- _THE TASK_
Your answer should consist solely of the lines from the one holding "Cute Home Office" through the final line of the entries, reproduced exactly and without pictures.

- _INPUT_
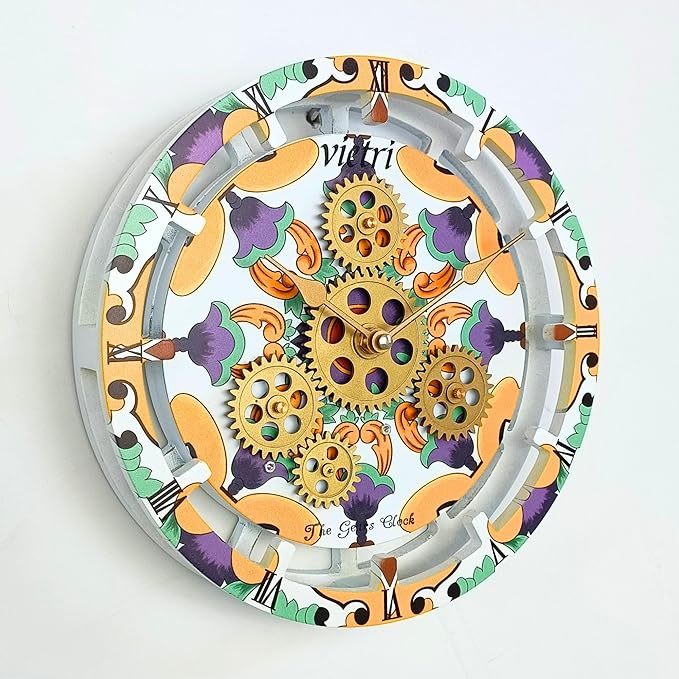 The Gears Clock Wall Clock Italy Collection with Moving Gears (Vietri, 10 inch Round)-Ruum Studio Home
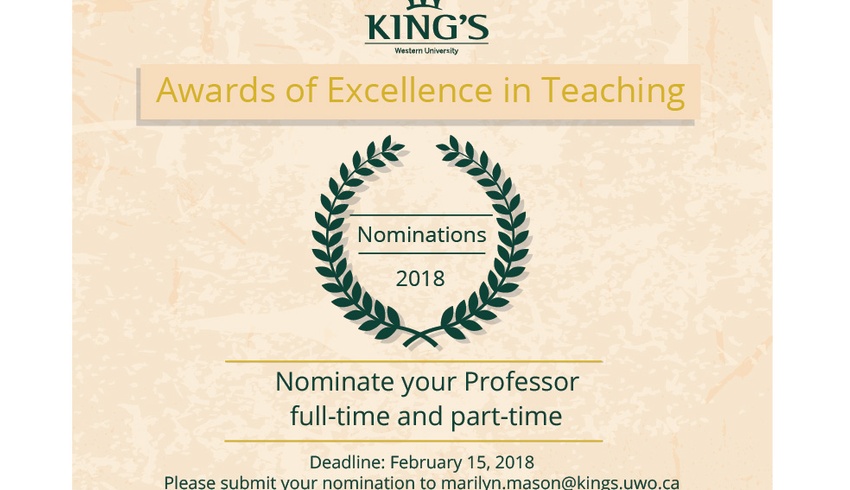 Awards of Excellence in Teaching Deadline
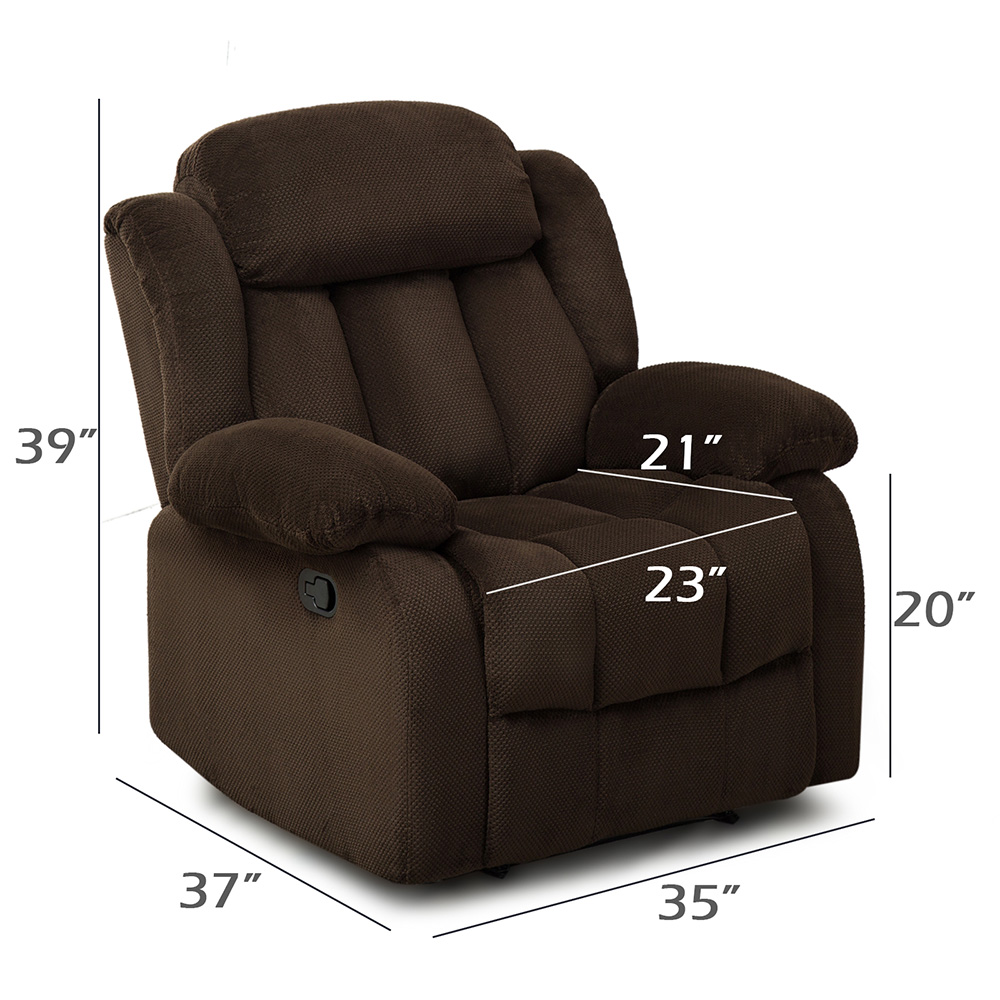 1- Seat Recliner with Headrest and Armrests for Home Theater, Office, Living Room - Brown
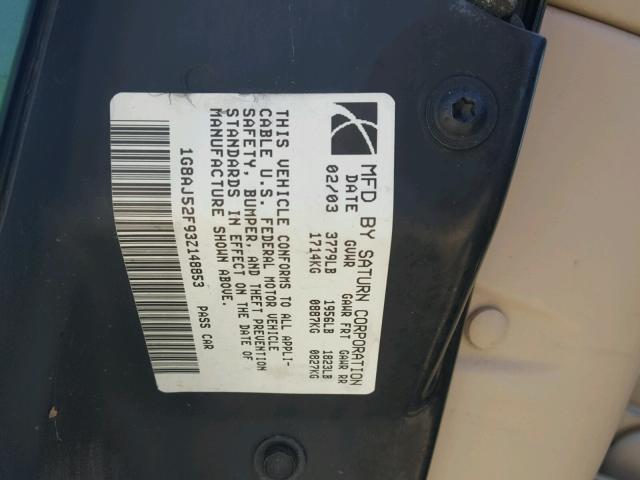 1G8AJ52F93Z148853 - 2003 SATURN ION LEVEL GREEN photo 10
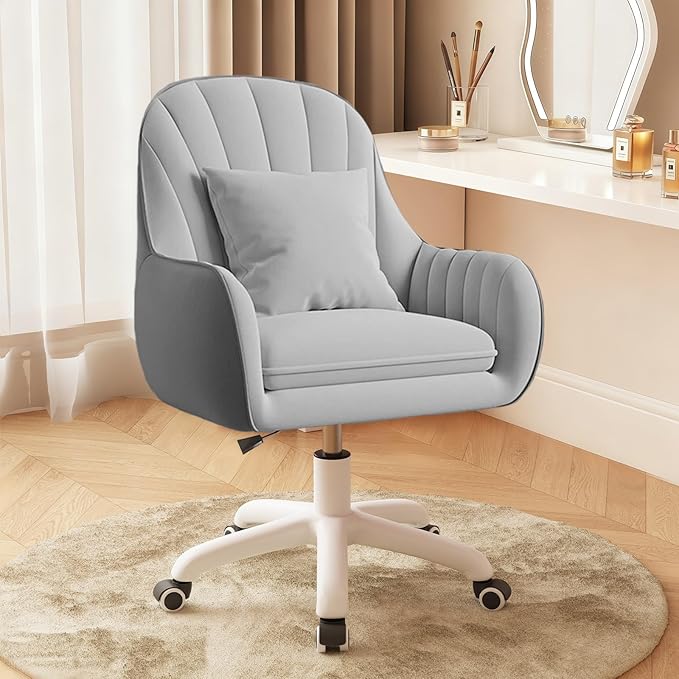 Cute Home Office Chair Velvet Upholstered Desk Chairs with Mid Back Swivel Adjustable Makeup Vanity Computer Chair with Wheels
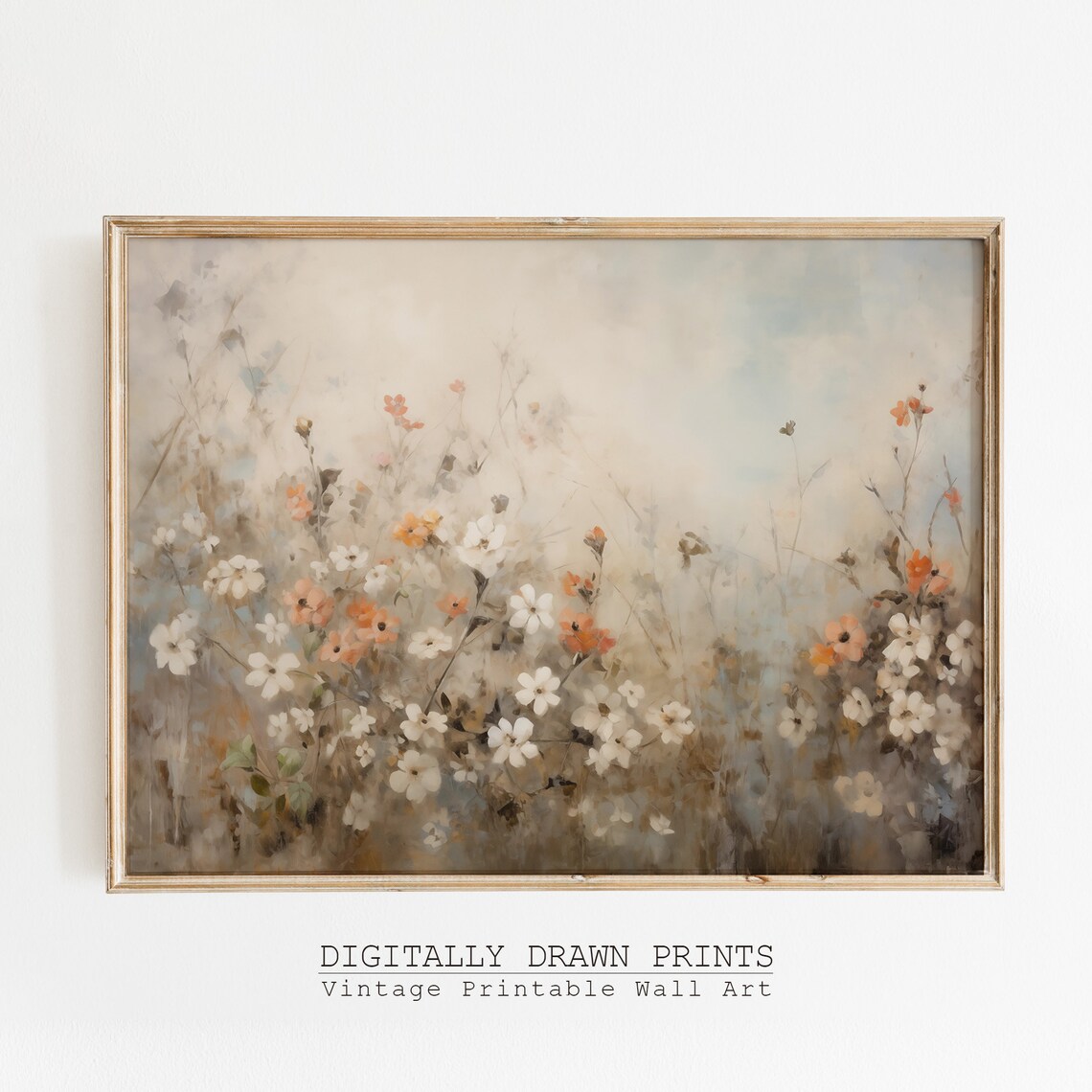 Muted Spring Wildflower Field Vintage Oil Painting Botanical Farmhouse Poster - Image 5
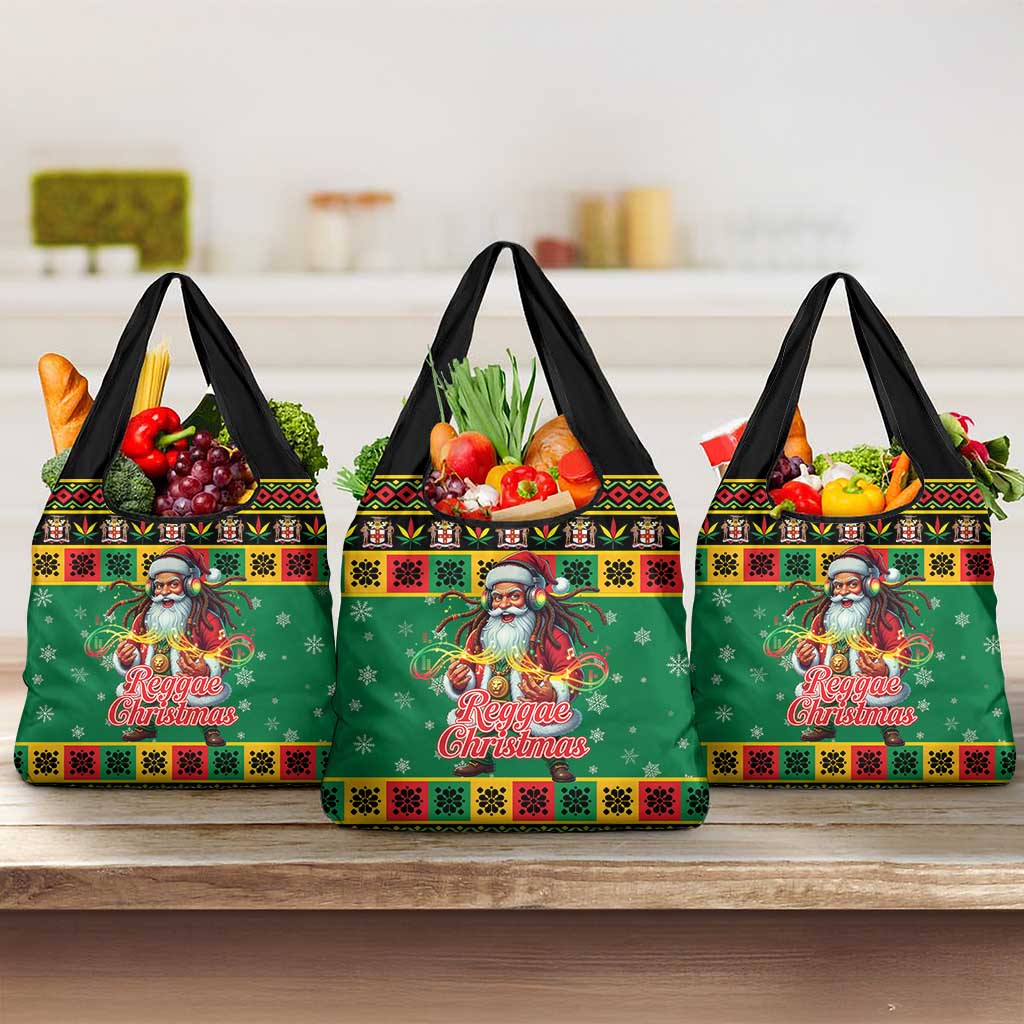 Jamaica Christmas Grocery Bag Reggae Santa with Dreadlocks Design - Wonder Print Shop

- _ANSWER TO THIS PROBLEM_
 Cute Home Office Chair Velvet Upholstered Desk Chairs with Mid Back Swivel Adjustable Makeup Vanity Computer Chair with Wheels
 Muted Spring Wildflower Field Vintage Oil Painting Botanical Farmhouse Poster - Image 5
 Jamaica Christmas Grocery Bag Reggae Santa with Dreadlocks Design - Wonder Print Shop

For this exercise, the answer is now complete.